▸ **Required action**
A verbatim copy of every record is required, and no pictures should be included.

▸ **Provided information**

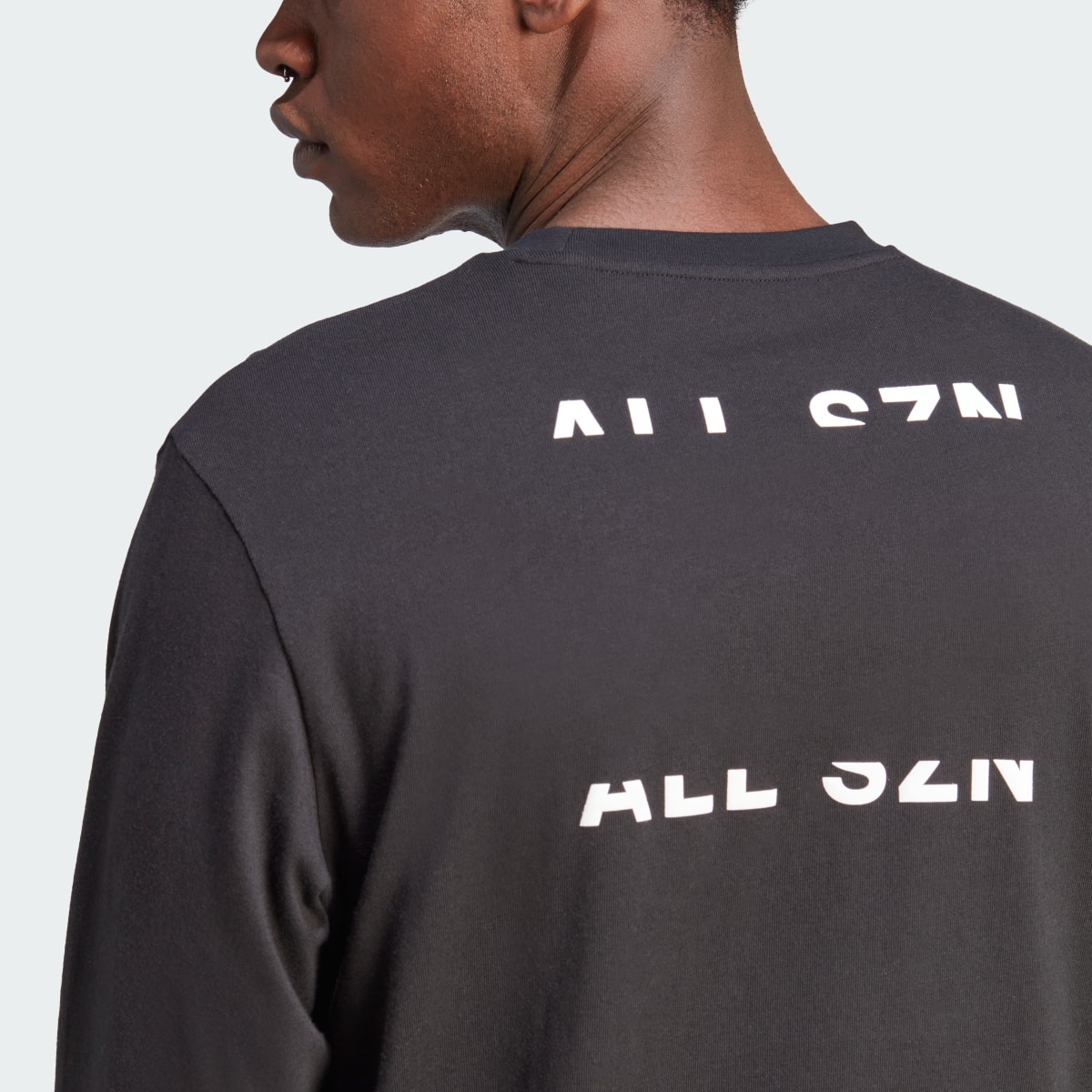 Adidas Sportswear ALL SZN Long Sleeve Tee. 6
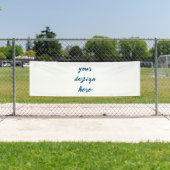 Personaliseren of aanpassen spandoek (Insitu)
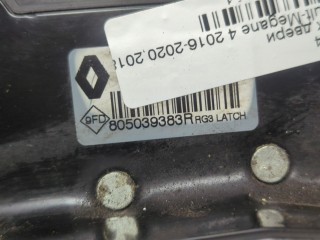 Замок двери левый передний, ориг. номер 805036372R, Renault Megane 2016-2020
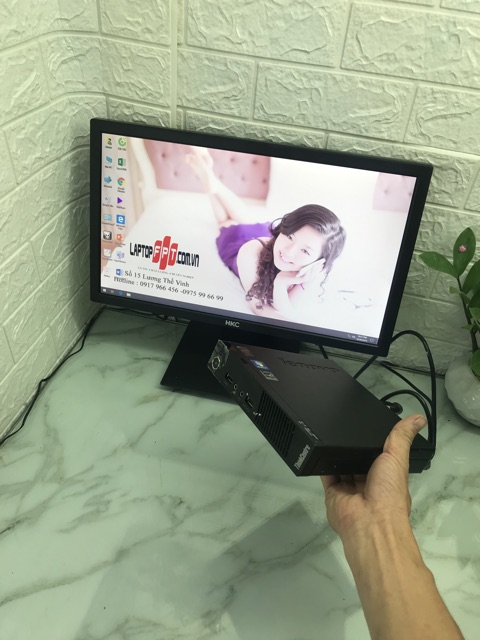 Case i3-4130 4Gb ssd128Gb màn 19.5 inch | BigBuy360 - bigbuy360.vn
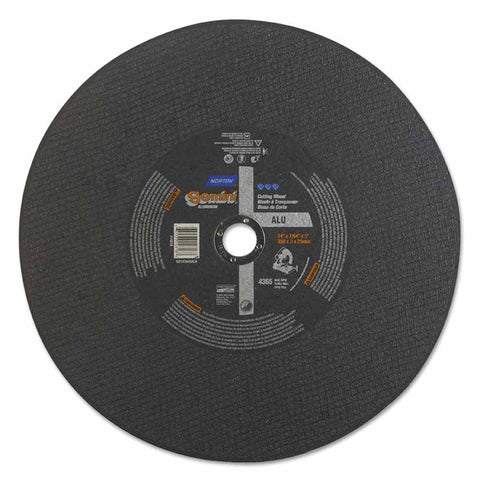 Gemini Chop Saw Reinforced Cut-off Wheel, 16 in Dia, 7/64 in Thick, Alum. Oxide 547-66253410198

▸ **Reply**
 Adidas Sportswear ALL SZN Long Sleeve Tee. 6
 Personaliseren of aanpassen spandoek (Insitu)
 Замок двери левый передний, ориг. номер 805036372R, Renault Megane 2016-2020
 Case i3-4130 4Gb ssd128Gb màn 19.5 inch | BigBuy360 - bigbuy360.vn
 Gemini Chop Saw Reinforced Cut-off Wheel, 16 in Dia, 7/64 in Thick, Alum. Oxide 547-66253410198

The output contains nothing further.